--- START ---

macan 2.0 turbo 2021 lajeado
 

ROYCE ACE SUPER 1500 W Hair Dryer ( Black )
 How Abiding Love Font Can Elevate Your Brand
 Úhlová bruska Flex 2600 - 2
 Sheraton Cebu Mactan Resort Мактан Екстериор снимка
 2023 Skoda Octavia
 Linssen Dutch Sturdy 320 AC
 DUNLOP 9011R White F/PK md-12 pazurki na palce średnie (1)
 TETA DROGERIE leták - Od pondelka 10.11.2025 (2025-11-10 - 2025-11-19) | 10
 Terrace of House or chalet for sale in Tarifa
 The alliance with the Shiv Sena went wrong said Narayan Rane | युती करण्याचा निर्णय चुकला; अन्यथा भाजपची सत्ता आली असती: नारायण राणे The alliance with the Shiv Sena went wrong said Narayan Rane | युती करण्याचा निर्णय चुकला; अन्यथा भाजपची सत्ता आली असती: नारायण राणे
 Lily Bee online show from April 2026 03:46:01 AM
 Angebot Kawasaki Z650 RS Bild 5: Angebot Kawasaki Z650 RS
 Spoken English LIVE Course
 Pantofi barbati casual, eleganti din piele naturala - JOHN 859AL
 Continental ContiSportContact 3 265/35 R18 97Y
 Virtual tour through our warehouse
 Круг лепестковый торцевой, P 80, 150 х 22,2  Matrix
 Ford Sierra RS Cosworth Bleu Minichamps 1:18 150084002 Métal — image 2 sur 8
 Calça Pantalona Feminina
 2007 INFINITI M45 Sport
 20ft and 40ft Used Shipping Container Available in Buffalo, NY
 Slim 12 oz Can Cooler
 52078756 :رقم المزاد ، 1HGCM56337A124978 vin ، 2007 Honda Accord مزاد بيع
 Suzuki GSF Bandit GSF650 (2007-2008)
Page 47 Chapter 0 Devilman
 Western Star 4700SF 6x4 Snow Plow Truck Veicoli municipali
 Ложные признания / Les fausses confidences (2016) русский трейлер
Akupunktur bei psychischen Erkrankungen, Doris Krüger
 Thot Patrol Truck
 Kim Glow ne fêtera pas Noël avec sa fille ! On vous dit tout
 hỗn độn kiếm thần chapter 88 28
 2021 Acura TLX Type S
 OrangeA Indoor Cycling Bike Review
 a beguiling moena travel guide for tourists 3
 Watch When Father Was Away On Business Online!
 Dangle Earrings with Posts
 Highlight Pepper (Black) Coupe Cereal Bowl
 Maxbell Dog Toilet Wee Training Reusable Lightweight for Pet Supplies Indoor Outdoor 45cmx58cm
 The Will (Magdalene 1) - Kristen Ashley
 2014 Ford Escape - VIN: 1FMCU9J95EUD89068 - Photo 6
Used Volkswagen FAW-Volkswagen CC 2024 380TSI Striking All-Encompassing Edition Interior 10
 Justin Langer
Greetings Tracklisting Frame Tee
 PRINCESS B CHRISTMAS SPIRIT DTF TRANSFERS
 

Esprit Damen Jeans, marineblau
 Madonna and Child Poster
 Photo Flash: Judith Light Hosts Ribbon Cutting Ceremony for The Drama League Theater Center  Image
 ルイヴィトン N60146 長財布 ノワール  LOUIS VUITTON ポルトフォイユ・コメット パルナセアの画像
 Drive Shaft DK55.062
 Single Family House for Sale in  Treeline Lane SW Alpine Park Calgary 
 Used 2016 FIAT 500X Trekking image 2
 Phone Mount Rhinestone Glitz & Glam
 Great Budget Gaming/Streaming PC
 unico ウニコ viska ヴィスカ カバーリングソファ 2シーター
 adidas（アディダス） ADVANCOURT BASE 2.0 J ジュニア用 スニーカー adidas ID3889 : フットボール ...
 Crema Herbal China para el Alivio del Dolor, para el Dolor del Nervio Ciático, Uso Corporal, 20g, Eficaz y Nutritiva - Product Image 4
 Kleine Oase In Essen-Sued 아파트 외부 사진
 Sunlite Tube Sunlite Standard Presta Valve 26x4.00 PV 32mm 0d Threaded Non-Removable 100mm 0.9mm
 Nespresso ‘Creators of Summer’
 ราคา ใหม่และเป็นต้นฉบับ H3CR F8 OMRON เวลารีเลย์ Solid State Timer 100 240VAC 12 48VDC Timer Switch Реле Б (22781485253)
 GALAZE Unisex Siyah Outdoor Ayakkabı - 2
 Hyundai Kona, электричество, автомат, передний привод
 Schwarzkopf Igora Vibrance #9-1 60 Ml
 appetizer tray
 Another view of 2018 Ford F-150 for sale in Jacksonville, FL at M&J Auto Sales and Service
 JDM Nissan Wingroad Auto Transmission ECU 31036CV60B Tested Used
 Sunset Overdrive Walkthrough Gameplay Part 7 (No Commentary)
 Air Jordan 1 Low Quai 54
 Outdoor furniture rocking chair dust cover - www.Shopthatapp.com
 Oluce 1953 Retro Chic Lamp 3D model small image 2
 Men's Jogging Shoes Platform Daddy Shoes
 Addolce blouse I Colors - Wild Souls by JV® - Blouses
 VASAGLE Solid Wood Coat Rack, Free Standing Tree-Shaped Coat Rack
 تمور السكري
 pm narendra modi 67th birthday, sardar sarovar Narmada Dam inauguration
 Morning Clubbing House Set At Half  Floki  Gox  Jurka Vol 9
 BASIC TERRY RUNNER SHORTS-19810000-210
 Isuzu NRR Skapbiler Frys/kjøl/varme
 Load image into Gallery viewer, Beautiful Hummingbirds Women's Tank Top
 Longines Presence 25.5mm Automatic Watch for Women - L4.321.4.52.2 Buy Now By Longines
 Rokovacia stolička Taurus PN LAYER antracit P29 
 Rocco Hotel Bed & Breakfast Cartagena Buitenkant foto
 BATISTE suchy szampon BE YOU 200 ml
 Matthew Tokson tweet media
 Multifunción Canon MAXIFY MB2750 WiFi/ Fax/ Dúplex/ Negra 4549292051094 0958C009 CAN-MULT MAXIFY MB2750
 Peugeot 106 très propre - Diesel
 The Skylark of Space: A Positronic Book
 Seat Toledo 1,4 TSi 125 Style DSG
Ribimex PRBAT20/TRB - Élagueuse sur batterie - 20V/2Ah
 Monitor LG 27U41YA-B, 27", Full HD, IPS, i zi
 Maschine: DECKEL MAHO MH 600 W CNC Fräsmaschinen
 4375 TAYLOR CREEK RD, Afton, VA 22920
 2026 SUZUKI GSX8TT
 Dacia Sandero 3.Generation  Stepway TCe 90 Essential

--- END ---

When you reach the line that contains "Pantofi barbati casual, eleganti", stop; that line and every line before it, from the very first line of the data, should be restated word for word.

macan 2.0 turbo 2021 lajeado
 

ROYCE ACE SUPER 1500 W Hair Dryer ( Black )
 How Abiding Love Font Can Elevate Your Brand
 Úhlová bruska Flex 2600 - 2
 Sheraton Cebu Mactan Resort Мактан Екстериор снимка
 2023 Skoda Octavia
 Linssen Dutch Sturdy 320 AC
 DUNLOP 9011R White F/PK md-12 pazurki na palce średnie (1)
 TETA DROGERIE leták - Od pondelka 10.11.2025 (2025-11-10 - 2025-11-19) | 10
 Terrace of House or chalet for sale in Tarifa
 The alliance with the Shiv Sena went wrong said Narayan Rane | युती करण्याचा निर्णय चुकला; अन्यथा भाजपची सत्ता आली असती: नारायण राणे The alliance with the Shiv Sena went wrong said Narayan Rane | युती करण्याचा निर्णय चुकला; अन्यथा भाजपची सत्ता आली असती: नारायण राणे
 Lily Bee online show from April 2026 03:46:01 AM
 Angebot Kawasaki Z650 RS Bild 5: Angebot Kawasaki Z650 RS
 Spoken English LIVE Course
 Pantofi barbati casual, eleganti din piele naturala - JOHN 859AL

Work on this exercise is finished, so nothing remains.